A diferencia de otras jornadas de protesta, esta vez la medida de fuerza se caracterizará por un paro total de actividades sin movilización. Según el dirigente ferroviario, la falta de transporte impide el traslado logístico de los trabajadores hacia los puntos de concentración, lo que garantiza un cese de tareas efectivo en las principales cabeceras del país.
El impacto de la reforma laboral en el trabajador
Desde el sector gremial sostienen que el proyecto de ley que se debate en el Congreso busca precarizar las condiciones actuales. Maturano calificó la iniciativa como un intento de llevar a los empleados hacia la “esclavitud” y advirtió que, tras la reforma laboral, el Poder Ejecutivo avanzará sobre la Ley de Asociaciones Sindicales y el sistema de Previsión Social.
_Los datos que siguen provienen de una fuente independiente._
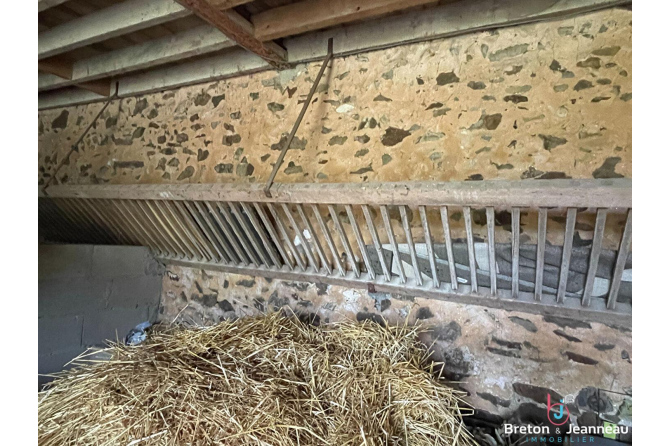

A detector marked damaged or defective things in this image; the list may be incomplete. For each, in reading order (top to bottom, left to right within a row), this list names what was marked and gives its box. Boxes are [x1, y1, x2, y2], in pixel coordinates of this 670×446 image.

El dirigente cuestionó la estrategia oficialista al señalar que el ajuste está recayendo sobre los asalariados y no sobre la “casta”, como se prometió en campaña. Además, subrayó que la modificación de las leyes vigentes no reducirá la litigiosidad, sino que, por el contrario, generará más juicios laborales que el sistema actual.
Qué servicios se verán afectados
La paralización del transporte es el eje central que define el éxito de la convocatoria. Sin trenes, colectivos ni actividad aeroportuaria, la actividad económica se verá reducida al mínimo. Los puntos clave de la medida incluyen:
- Trenes de pasajeros y carga: Cese total de actividades en todas las líneas (Roca, Mitre, Sarmiento, San Martín y Belgrano).
- Transporte automotor: Adhesión de los choferes de colectivos urbanos e interurbanos.
- Vuelos: Cancelaciones y reprogramaciones en aeropuertos nacionales debido a la adhesión de los gremios aeronáuticos.
- Logística: Interrupción en el transporte de mercaderías y caudales.
El reclamo por la emisión y la deuda
Más allá de lo estrictamente laboral, el sindicalismo puso el foco en la política macroeconómica del Gobierno. Maturano denunció que el Estado continúa emitiendo bonos y deuda, contradiciendo las premisas de austeridad monetaria.
Para los gremios, el derecho constitucional a la huelga es la única herramienta disponible frente a lo que consideran una “batería de leyes” diseñada para desmantelar los derechos adquiridos. La postura de La Fraternidad es inflexible: mientras no existan garantías sobre la estabilidad de los convenios colectivos, el transporte no reanudará sus tareas.